On Sat, Jan 05, 2008 at 11:30:25PM +0900, Tejun Heo wrote:
> > Assuming that this is what we get, everything looks explainable - we
> > have sysfs_rename_dir() calling sysfs_get_dentry() while the parent
> > gets evicted.  We don't have any exclusion, so while we are playing
> > silly buggers with lookups in sysfs_get_dentry() we have parent become
> > negative; the rest is obvious...
> 
> That part of code is walking down the sysfs tree from the s_root of
> sysfs hierarchy and on each step parent is held using dget() while being
> referenced, so I don't think they can turn negative there.

Turn?  Just what stops you from getting a negative (and unhashed) from
lookup_one_noperm() and on the next iteration being buggered on mutex_lock()?
 
> > AFAICS, the locking here is quite broken and frankly, sysfs_get_dentry()
> > and the way it plays with fs/namei.c are ucking fugly.
> 
> Can you elaborate a bit?  The locking in sysfs is unconventional but
> that's mostly from necessity.  It has dual interface - vfs and driver
> model && vfs data structures (dentry and inode) are too big to always
> keep around, so it basically becomes a small distributed file system
> where the backing data can change asynchronously.

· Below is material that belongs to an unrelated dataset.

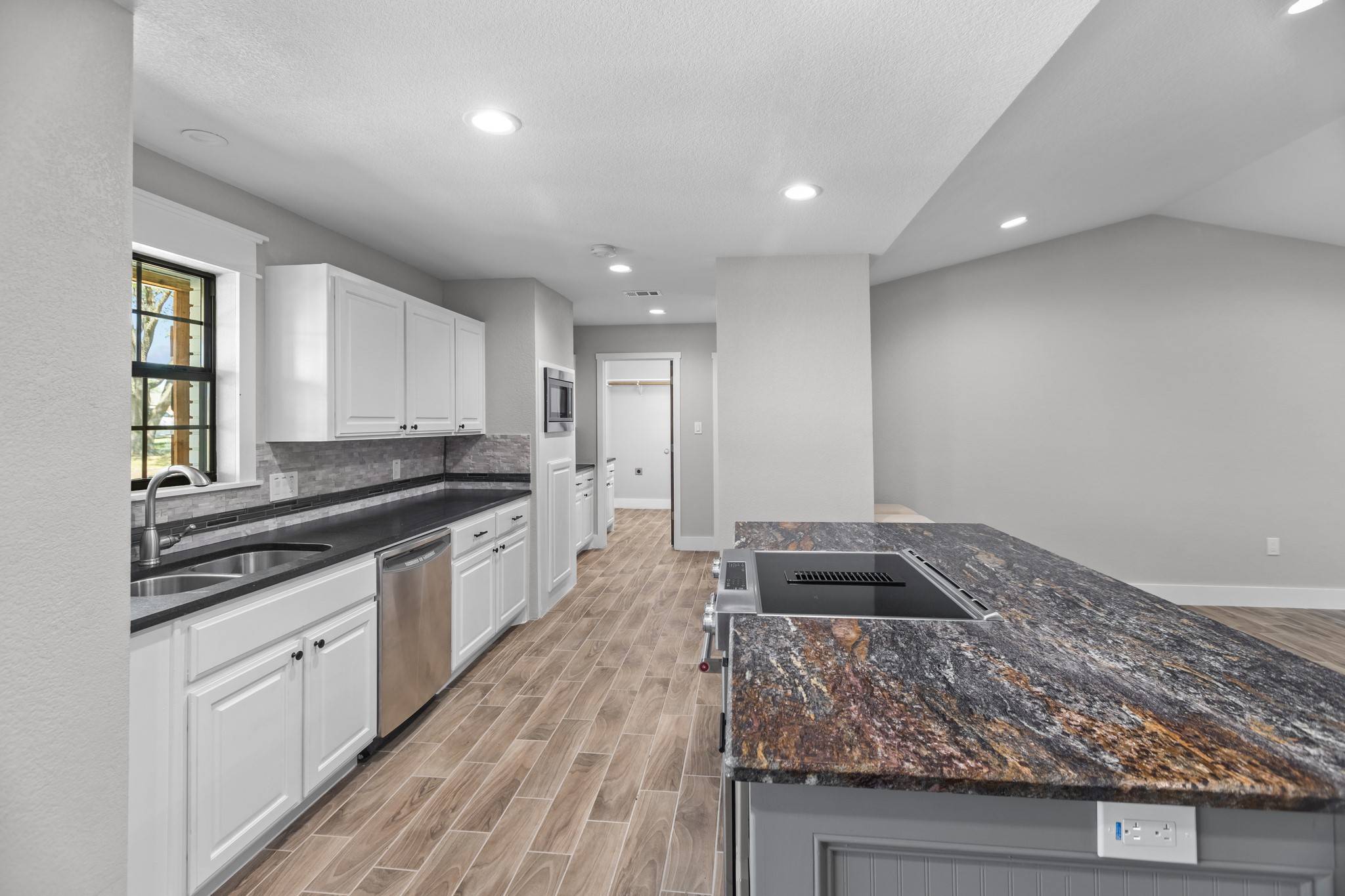 Godley, TX 76044,412 N Pearson ST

... with all fun that creates.  As it is, you have those async changers
of backing data using VFS locking _under_ sysfs locks via lookup_one_noperm()
and yet it needs sysfs_mutex inside sysfs_lookup().  So you can't have
sysfs_get_dentry() under it.  So you don't have exclusion with arseloads
of sysfs tree changes in there.  Joy...

Frankly, with the current state of sysfs the last vestiges of arguments
used to push it into the tree back then are dead and buried.  I'm not
blaming you, BTW - the shitpile *did* grow past the point where its
memory footprint became far too large and something needed to be done.
Unfortunately, it happened too late for that something being "get rid
of the entire mess" and now we are saddled with it for good.